On the most desperate night to date in their first season as teammates, experiential opposites attracted and collaborated to spell the difference.
One party barely knew the situation any better, while the other, already a two-time cup champion and four-time finalist, had ample historical reference points to drive him. It all worked to the same basic effect as Elias and Henrique ensured that goaltender Martin Brodeur would win at least one Stanley Cup staring contest with Jonathan Quick.
And regardless of what happens in the resultant Game 5 back at the Prudential Center this Saturday, Brodeur is guaranteed at least a .500 record when facing elimination from the NHL playoffs. He improved to a lifetime mark of 13-12 in that scenario on Wednesday, repelling all but one of 22 Los Angeles shots.
The 40-year-old Brodeur, the only active Devil with more career action in a New Jersey uniform than Elias, was still anything but infallible, as he has been every night in recent weeks.
Brodeur was charged with three giveaways on the night, none more egregious than the one he lent to Dustin Brown as the Kings captain came barreling down Broadway when the game was still young and scoreless.
But considering the timing of L.A.’s equalizer, if it had to happen to Peter DeBoer’s pupils, there may have been no netminder more ideal to let it in than the three-time champion Brodeur. He and his mates could have easily had their confidence irrecoverably zapped when Drew Doughty slugged home a power-play conversion.
After all, it was precisely one minute of playing time after Elias’ icebreaker. It was a mere six seconds after the gritty David Clarkson sat down for an iffy boarding infraction. And it reignited the hostile Staples Center masses with only 11:04 to spare in regulation.
Yet in response, the Devils carried on much as they had for the first 40-plus minutes of the night. The skaters employed a stingy defensive laser-beam a la their cup-winning ancestors, and the ageless Brodeur never succumbed to frostbite even after protracted periods of inactivity on his property.
Brown would be the next King to test Brodeur a good five minutes and 24 seconds after Doughty’s equalizer. In another 69 ticks, none other than Clarkson set up Adam Henrique to stroll in and restore the lead to 2-1.
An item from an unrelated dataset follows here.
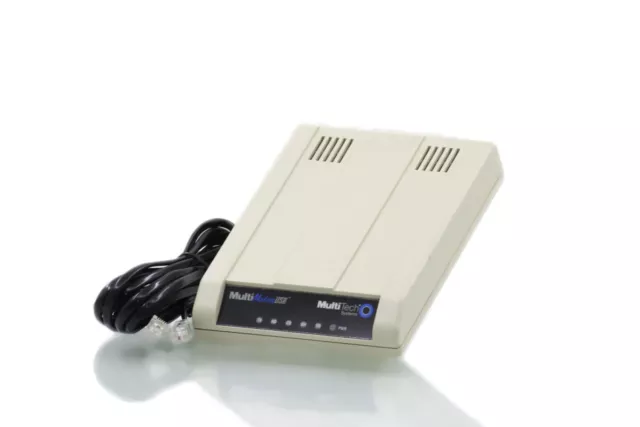 MultiTech Multimodem USB / Daten-Fax-Modem / 56Kbps - MT5634ZBA-USB-V92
Henrique, an overtime scorer in two series-clinching games versus the Florida Panthers and New York Rangers, entered Wednesday’s action with no playoff goals outside of those two potential clinchers. And the equally stingy Kings blue line had kept him shotless well into the final phases of the third period.
But the rookie found a new specialty in a timely manner, breaking a raw tie with 4:31 left in regulation to avert sudden death altogether.
And, for at least 72 more hours, averting defeat in the championship.